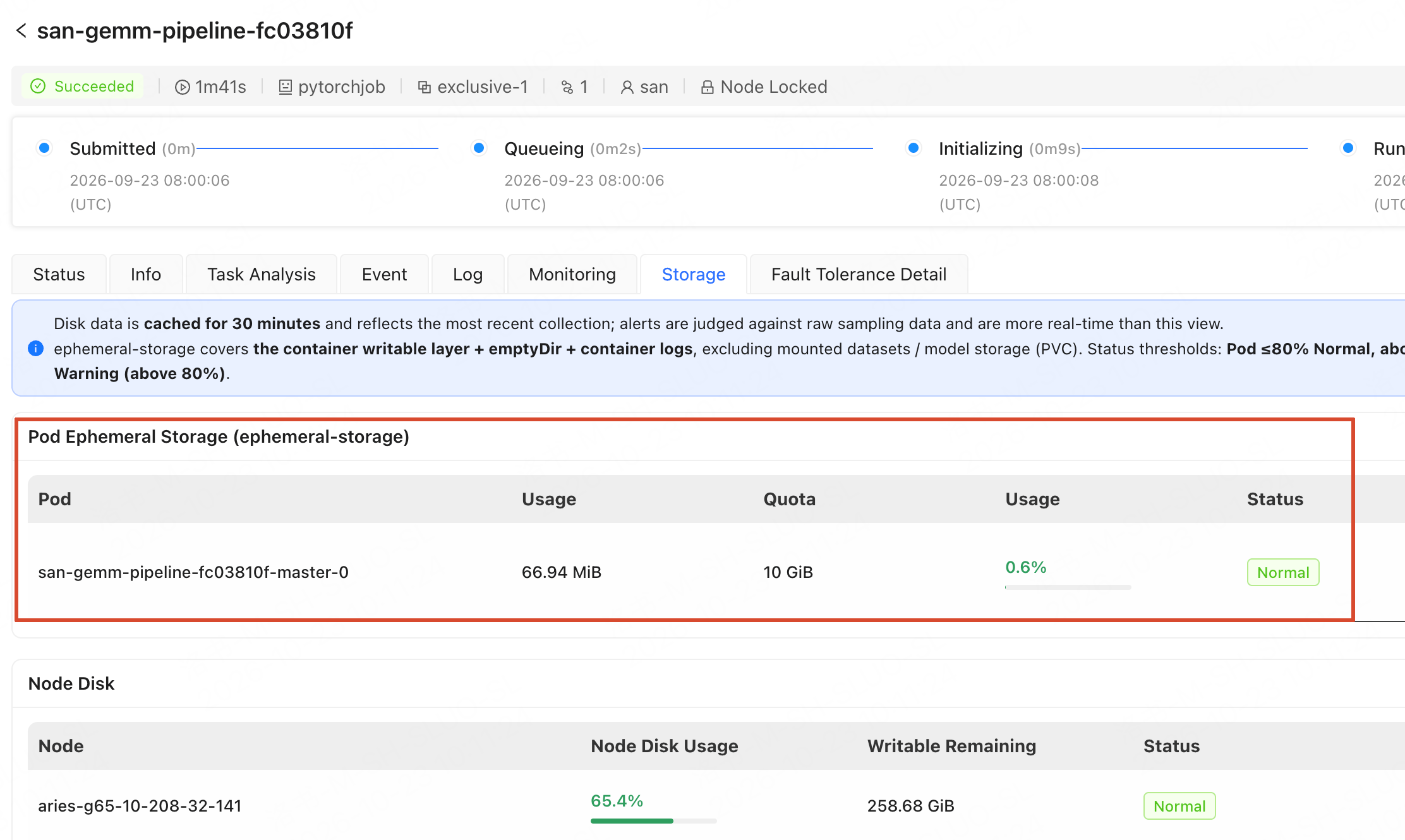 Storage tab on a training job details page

==

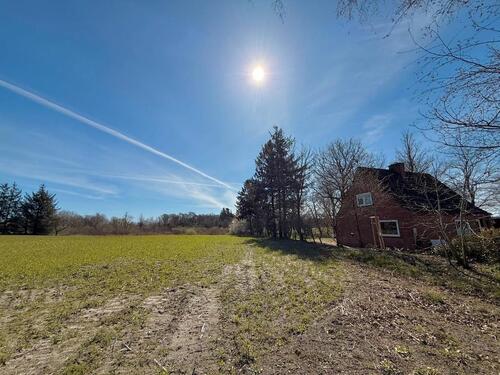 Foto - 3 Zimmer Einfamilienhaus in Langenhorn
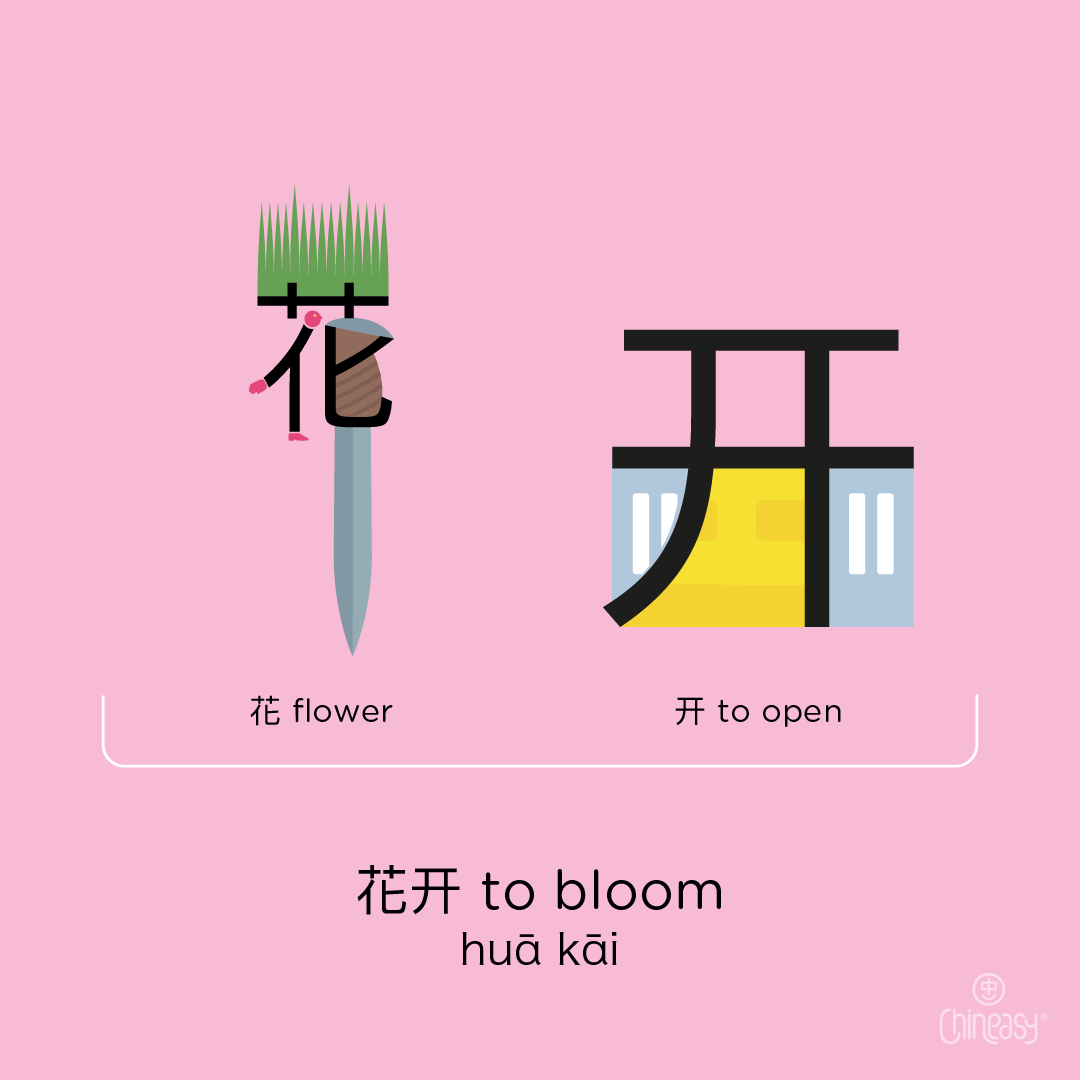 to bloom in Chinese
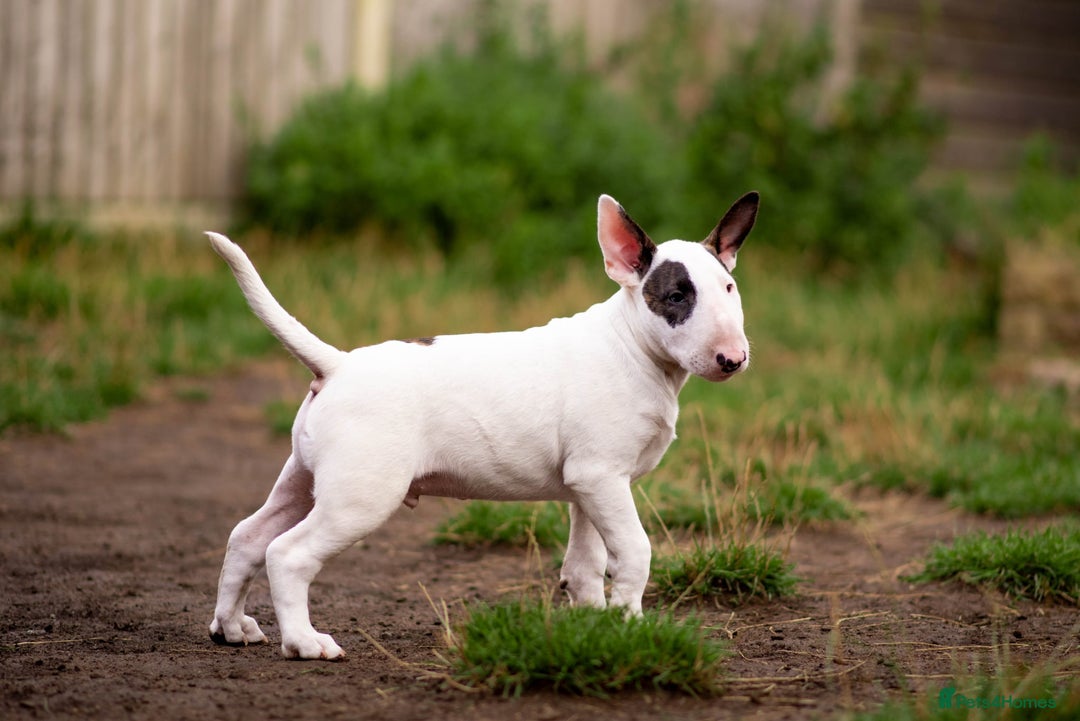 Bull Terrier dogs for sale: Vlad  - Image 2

* _TASK TO CARRY OUT_
Print from the line containing "to bloom in Chinese" through the line containing "Bull Terrier dogs" in the data above, exactly as the lines stand, and omit every picture.

* _TASK ANSWER_
 to bloom in Chinese
 Bull Terrier dogs for sale: Vlad  - Image 2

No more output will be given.